Spent Day League career with Tigers

Before signing with the Giants on March 20, the 31-year-old Boyd spent most of his big league career with the Tigers. Before getting injured last August, he had 3.89 ERAs and 112 ERA+ (league average is 100). Arguably at his peak in 2019, he was one of the game’s top strikeout specialists, with 30.2 K%, the AL’s fifth highest. But by turning it into a bullpen, it is expected to last until the end of the year.

A Rehab in Casali Tacoma

With Tom Murphy out for the year and aggressive offensive boundaries from Lewis Torrens, the Mariners needed a backstop to pair up with Cal Raleigh. Preferably an experienced one. Enter Casali, who, like Boyd, is on IL. But hope to be back soon. Casali will also join Tacoma to continue a rehab assignment. Which she recently began to relate to a right oblique strain that had sheltered her on July 5. He is expected to contribute soon.

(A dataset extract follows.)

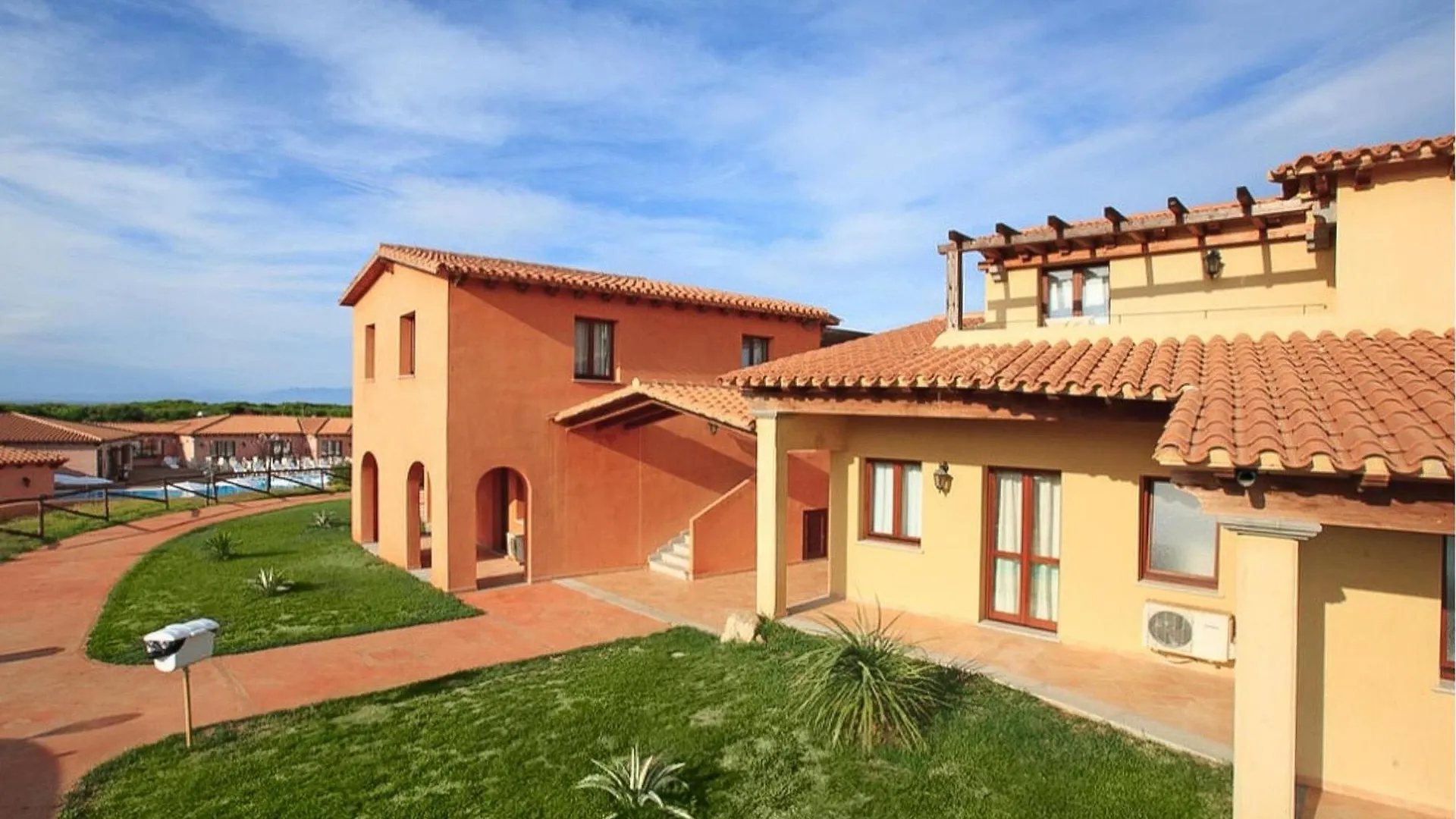 Vignola Baia Dei Mirti M3 Villa Vignola Mare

“He does a great job with the pitcher,” said Dipoto. “He has some knowledge. He played in the postseason. He fits what we do and how we do it.”

Contribution A rapport with Luis Castillo

Another important contribution he brought in is a rapport with Luis Castillo, whom he caught 27 times in Cincinnati from 2018-20. Castillo had a 2.61 ERA and opposed the hitters for a slash line of .191/.269/.302 (.571 ops) in those outings. Which was the best of any of his catchers so far.


The former University of Washington grew up in Seattle and lives there off-season. He played in 25 games for the Dodgers as a bench bat, a role he would continue in Seattle. Sometimes corner-infield positions offer a chance to contribute. Since signing a minor contract with an invitation to Spring Training in March, the 31-year-old has hit .239/.338/.433 (.770 ops) in 77 plate appearances this year, .808 ops against authority. with.

Because Kyle Lewis won’t play every day | Dylan Moore will need consistent reps and Mitch Hanniger will soon be back and working the DH rotation – and they all hit right – Lamb is a lefty complement.

“That’s where we see him fit into our club.” Dipoto said. “He can play corners, DH. He has done very well this year against right-handed pitching. So it gives us a good offset with the right handed batsmen. Because Mitch comes back, with Kyle Lewis, as offset for Dylan Moore and his right hand. We think so that fits into that type of matchup role.”